В данный момент там находились три человека. Возле печи сидела старуха, которой давно уже перевалило за семьдесят; она напевала что-то себе под нос и кивала. Свои худые руки она словно с мольбой протянула к плите, где стояла кастрюля с тушившимся мясом. Хотя в помещении было довольно тепло, старуха не расставалась с темной накидкой.

Неподалеку на полу лежал чрезвычайно дряхлый на вид человек. Он растянулся на соломенном тюфяке, равнодушно созерцая трещины в потолке и сырые пятна на стенах. Заостренные черты лица под коротко остриженными волосами придавали старику сходство с горностаем. Похоже, мурлыканье пожилой женщины действовало ему на нервы.

Лишь третий обитатель караульного помещения обнаруживал некоторую бодрость. Это был хорошо сложенный человек лет пятидесяти пяти, без брюшка, но не столь тощий, как остальные. Он сидел на шатком стуле у окна в обнимку с винтовкой и сквозь мутное стекло наблюдал за обходчиком в пестрой рубашке, который приближался со стороны отхожего места.

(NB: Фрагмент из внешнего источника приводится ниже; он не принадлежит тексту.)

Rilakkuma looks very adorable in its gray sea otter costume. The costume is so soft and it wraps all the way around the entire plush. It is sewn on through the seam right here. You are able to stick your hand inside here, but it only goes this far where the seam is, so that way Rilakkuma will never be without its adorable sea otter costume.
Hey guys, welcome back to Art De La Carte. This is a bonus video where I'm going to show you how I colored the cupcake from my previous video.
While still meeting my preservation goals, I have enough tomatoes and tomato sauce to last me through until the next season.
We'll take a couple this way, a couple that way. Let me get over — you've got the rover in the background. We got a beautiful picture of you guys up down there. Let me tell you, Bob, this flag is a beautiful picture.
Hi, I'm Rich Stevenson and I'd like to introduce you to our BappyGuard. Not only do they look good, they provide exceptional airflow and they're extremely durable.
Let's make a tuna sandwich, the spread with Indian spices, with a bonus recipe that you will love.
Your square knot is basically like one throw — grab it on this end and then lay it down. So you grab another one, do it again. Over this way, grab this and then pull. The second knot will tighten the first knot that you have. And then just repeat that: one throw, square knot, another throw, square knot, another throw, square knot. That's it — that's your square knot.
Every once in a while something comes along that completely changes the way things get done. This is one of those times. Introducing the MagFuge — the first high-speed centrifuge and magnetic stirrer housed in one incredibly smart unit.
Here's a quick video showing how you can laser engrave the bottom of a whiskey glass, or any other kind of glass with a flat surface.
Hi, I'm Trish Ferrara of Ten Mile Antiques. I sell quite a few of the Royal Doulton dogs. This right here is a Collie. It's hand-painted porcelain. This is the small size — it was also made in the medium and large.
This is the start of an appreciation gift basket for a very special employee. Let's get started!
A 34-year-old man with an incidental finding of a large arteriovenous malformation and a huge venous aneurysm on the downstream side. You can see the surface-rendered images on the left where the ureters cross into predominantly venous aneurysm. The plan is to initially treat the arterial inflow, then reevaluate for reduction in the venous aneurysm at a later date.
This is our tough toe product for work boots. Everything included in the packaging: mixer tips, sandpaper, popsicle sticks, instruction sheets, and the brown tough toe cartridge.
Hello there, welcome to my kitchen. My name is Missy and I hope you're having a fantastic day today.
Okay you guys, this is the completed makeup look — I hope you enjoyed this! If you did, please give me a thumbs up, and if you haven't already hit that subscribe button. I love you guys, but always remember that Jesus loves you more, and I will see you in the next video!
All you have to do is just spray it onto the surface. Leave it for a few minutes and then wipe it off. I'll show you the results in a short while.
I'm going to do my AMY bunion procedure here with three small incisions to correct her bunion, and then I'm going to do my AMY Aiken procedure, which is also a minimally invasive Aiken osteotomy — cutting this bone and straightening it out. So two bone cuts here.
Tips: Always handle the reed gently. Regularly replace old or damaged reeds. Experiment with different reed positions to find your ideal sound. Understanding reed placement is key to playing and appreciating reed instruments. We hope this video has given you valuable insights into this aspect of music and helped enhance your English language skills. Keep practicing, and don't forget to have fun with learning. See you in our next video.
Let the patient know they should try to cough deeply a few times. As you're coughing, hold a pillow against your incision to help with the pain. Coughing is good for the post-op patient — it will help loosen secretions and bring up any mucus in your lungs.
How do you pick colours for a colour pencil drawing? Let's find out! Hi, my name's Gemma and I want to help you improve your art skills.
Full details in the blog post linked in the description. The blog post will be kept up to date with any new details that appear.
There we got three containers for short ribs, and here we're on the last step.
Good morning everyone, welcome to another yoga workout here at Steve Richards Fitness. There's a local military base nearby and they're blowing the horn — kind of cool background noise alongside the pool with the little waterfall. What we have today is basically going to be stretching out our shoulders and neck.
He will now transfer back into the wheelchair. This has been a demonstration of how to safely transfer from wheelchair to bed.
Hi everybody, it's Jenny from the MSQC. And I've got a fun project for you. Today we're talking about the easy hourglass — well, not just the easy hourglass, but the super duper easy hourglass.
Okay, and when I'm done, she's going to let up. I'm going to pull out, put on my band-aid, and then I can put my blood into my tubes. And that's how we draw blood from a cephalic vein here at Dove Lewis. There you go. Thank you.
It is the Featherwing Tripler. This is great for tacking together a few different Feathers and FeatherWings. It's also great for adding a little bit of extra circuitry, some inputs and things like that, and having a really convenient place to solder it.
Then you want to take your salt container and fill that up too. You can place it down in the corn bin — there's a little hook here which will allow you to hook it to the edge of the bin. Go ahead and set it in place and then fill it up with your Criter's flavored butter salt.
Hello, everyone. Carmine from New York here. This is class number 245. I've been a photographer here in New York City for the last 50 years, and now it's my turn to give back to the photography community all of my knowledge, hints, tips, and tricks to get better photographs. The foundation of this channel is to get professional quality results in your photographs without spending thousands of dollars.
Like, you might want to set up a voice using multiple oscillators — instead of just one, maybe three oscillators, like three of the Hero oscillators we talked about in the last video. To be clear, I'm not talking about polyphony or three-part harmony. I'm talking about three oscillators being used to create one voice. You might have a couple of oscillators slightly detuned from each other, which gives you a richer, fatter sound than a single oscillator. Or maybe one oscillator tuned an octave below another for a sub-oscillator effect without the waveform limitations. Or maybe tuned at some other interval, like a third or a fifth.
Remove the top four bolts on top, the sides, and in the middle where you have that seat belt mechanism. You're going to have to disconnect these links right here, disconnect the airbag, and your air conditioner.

— Сэм идет, — сообщил наблюдатель. Его звали Олджи Тимберлейн. Он носил густую седоватую бороду прямоугольной формы, доходившую почти до пояса. Обычно его звали «Седой Бородой», хотя он жил среди седобородых. Благодаря его большой лысой голове борода особенно выделялась; кроме того, в ней причудливо чередовались черные и белые пряди. Такая полосатая масть, конечно, бросалась в глаза в мире, где люди уже не могли похвастать более яркими внешними чертами.

После слов Олджи женщина перестала напевать, но не проявила больше никакого интереса. Старик на тюфяке сел и протянул руку к лежавшей рядом дубине. Он поморщился и взглянул на часы, которые шумно тикали на полке, потом покосился на свой хронометр. Этот старинный и видавший виды прибор был для Товина Томаса самой ценной вещью, хотя и давно перестал работать.

— Рановато Сэм вернулся, — проворчал Товин. — На двадцать минут раньше. Небось, нагулял там аппетит. А ты, Бетти, получше смотрела бы за мясом — от твоей стряпни того и гляди брюхо разболится.

Бетти покачала головой. Это можно было считать и нервным тиком, и ответом на все, что сказал человек с дубиной. Старуха, не оглянувшись, продолжала держать руки над плитой.

Товин Томас с трудом поднялся, опираясь на стол и свою дубину. Он подошел к Седой Бороде, заглянул в окно и попытался протереть грязное стекло рукавом.

— Точно — Сэм Балстоу. Такой рубахи больше ни у кого нет.

Сэм Балстоу шел по грязной улице. Булыжники, битая черепица и прочий мусор усеивали мостовую; из трещин торчали побеги щавеля и укропа, которым не позволил разрастись зимний холод. Сэм Балстоу шагал посередине дороги; в последние годы она служила только пешеходам. Поравнявшись со зданием почтамта, он свернул, и вскоре его шаги послышались внизу.